I've tried it with EVC enabled and disabled, no change - same error.
I don't see an IP address at all in /etc/vmware/hostd/config.xml, or even a field where it looks like it should be. How do I go about rebuilding it? I'll try anything at this point.
Aha! I found this KB article which sorted it out:
It's worth mentioning that (for helpful Googling) you'll need to chmod 777 /etc/vmware/vpxa/vpxa.cfg before you can edit it, and then chmod 444 it once finished. Restarted the vpxa service and I was able to add the host again.

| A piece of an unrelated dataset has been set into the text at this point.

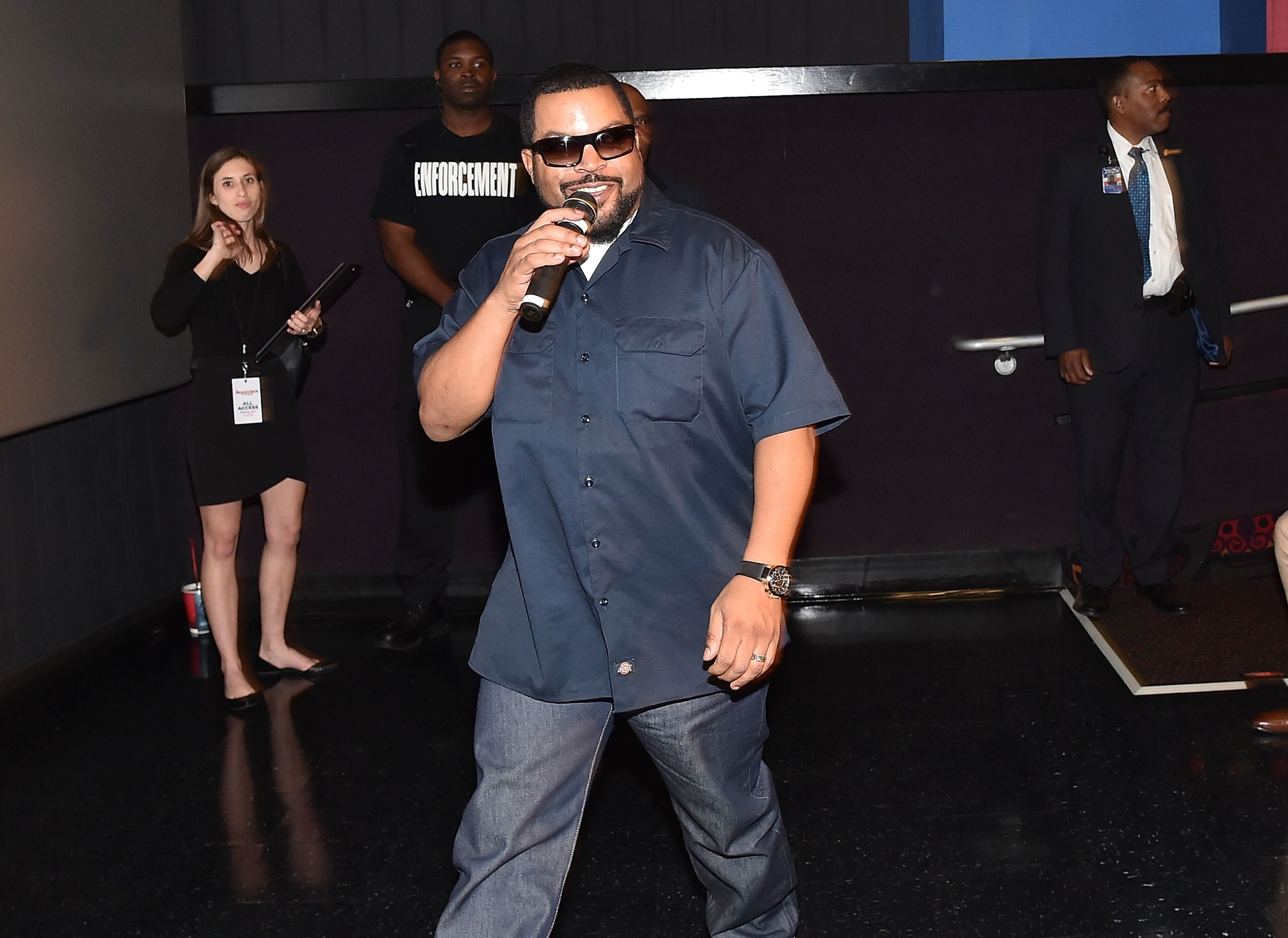 Ice Cube speaks onstage at "Barbershop: The Next Cut" advanced Atlanta VIP screening at Regal Atlantic Station on March 17, 2016 in Atlanta, Georgia. (Photo by Paras Griffin/Getty Images for Warner Bros)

Good. Thanks for sharing. ![]()
Update to this - I've now had another server in this same cluster go down with the exact same problem - so that makes two blades and one physical server all with the same issue (and the same fix).
While it's nice to know how to fix this - why is this happening? This is way too much downtime.
- Have you changed anything on the cluster?
- Added HA/DRS, created more VMs, etc?
- What is your VM growth tax per month?
- Have you changed log/statistics settings for vCenter?
- Can you check if you don't have a lot of snapshots on the environment? (on SSH, do a "find /vmfs/volumes/ -name *delta*")
I started a new thread for this, so that this one can stay as a complete/answered thread. I'll answer you there - thanks!
Multiple host disconnects with "failed to crossdup fd xxx" errors in vmkernel.log
When you exit the editing mode put a ! after the write and you won't have to chmod anything.